DENVER—The Senate has approved an amendment that would give the Army 10 years to destroy lethal chemical weapons stored in Pueblo and in Richmond, Ky.
The measure, part of a Defense Department authorization bill, sets a Dec. 31, 2017, deadline. The full bill is expected to be approved next week. It would then go to a conference committee to reconcile differences from the House version.
The amendment also authorizes the Army to spend an additional $32 million for chemical destruction at the Pueblo Chemical Depot and an additional $17.3 million at the Blue Grass Army Depot in Kentucky.

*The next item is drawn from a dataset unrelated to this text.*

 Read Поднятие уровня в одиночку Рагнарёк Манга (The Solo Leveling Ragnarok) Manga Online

That spending, if approved by the secretary of defense, would be in addition to any money appropriated by Congress this year.

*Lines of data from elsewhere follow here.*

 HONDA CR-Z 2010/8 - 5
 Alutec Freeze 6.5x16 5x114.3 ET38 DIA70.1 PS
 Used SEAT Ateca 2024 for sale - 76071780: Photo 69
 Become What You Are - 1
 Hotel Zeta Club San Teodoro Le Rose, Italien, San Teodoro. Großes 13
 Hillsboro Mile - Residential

The amendment was sponsored by Senate Minority Leader Mitch McConnell, R-Ky., and Sen. Wayne Allard, R-Colo.
A chemical weapons treaty signed by the U.S. and nearly 180 other countries calls for the chemical weapons to be destroyed by 2012, but the Army has said it will not finish by then.
McConnell has said that without the deadline set in the Senate legislation, the Army wouldn’t finish until 2023.
The Pueblo depot stores 2,611 tons of mustard agent in projectiles and cartridges. The Blue Grass depot stores 532 tons of nerve and blister agents in rockets and projectiles.